Customjigsandspins (makers of slender spoon) was currently awaiting to get more as of last week. Expect delays possibly.


----------



## Wannabitawerm (Apr 13, 2004)

Remember to try your Minnesota tactics too. Sometimes something new and different changes the whole game. Who knows, we might be sitting around listening to you teach an ice seminar someday. 


Posted using Outdoor Hub Campfire


----------



## jiggin'fool (Dec 18, 2005)

A walleye is a walleye! fish what you are confident in.... one thing about mosquito somedays you can lose confidence real fast... other days it doesn't matter what you put down! Haven't had too many days like that but some guys have!


----------



## b drake (Oct 22, 2011)

I use 3/16 on the vibes 


Posted using Outdoor Hub Campfire


----------



## Erieangler51 (Sep 24, 2012)

That's what I was planning on doing just doing what I'm comfortable with and tweaking from there. Plan on running a few tip ups and jigging either 2 or 1 dead stick and a jigging rod. I've got quite a few jr's custom jigging spoons that I think might work as I'm sure the fish have never seen them before. Just waiting to hear a good ice report and ill be out there popping holes...

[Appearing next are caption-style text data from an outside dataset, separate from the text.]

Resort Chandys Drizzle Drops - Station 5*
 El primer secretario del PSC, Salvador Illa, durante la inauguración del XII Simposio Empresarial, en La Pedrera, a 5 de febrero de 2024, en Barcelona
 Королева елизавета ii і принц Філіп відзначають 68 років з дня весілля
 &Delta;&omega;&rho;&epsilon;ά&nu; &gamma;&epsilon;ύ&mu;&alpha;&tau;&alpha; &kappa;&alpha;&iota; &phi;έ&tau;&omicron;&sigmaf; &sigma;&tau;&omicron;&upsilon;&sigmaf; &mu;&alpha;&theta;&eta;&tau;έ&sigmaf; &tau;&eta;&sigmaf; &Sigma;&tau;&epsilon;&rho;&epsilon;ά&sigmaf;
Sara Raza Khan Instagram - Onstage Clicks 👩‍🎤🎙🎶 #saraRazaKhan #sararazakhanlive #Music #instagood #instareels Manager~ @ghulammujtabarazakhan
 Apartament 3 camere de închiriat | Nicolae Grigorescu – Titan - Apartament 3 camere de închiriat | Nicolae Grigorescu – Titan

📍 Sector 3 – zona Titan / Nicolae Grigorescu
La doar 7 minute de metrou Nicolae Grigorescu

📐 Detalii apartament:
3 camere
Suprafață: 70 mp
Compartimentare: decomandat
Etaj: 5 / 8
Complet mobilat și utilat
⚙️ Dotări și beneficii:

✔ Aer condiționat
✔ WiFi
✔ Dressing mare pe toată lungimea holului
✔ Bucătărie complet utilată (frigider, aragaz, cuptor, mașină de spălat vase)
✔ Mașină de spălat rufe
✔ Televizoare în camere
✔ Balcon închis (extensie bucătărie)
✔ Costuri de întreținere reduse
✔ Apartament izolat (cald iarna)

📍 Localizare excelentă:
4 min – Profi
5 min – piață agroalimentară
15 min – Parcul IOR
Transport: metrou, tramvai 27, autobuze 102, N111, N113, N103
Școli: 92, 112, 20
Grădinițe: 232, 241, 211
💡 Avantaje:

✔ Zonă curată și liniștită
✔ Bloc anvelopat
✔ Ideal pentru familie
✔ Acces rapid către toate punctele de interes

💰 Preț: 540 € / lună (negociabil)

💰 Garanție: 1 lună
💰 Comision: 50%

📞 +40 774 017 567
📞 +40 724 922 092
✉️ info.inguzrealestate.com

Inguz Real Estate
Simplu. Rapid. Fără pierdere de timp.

Thanks for the info guys I really appriciate it..

Justin


----------



## b drake (Oct 22, 2011)

I checked it today 3-4 inches of clear ice!


Posted using Outdoor Hub Campfire


----------



## Erieangler51 (Sep 24, 2012)

Should be good by Sunday. Work Saturday but plan on being out all day Sunday. Thanks for the report


----------



## b drake (Oct 22, 2011)

Yep! If I hadn't just left ER with my son I would of fished that ice was strong my spud never went through at all


Posted using Outdoor Hub Campfire


----------



## Erieangler51 (Sep 24, 2012)

Clear ice is the best ice. We had 2 ft of clear ice in Minnesota last year due to the lack of snow. Was pretty neat seeing fish swimming under 2 ft of ice.


----------



## Steelhauler (Apr 7, 2004)

Justin,

I normally fish it like you said earlier. I'll rip a Vibe or a Buckshot with one rod and dead stick the other with a minnow. A lot of times they come in on the jigging, but take the dead stick instead.

Wes


----------



## pymybob (May 28, 2004)

May have to dust off the gear and charge the vex and try to ice some eyes on Sunday too. It's times like this when I wish I did not sell my Frabill. Looks like I'll be with the rest of the "the bucket brigade"!


----------



## Erieangler51 (Sep 24, 2012)

pymybob said:


> May have to dust off the gear and charge the vex and try to ice some eyes on Sunday too. It's times like this when I wish I did not sell my Frabill. Looks like I'll be with the rest of the "the bucket brigade"!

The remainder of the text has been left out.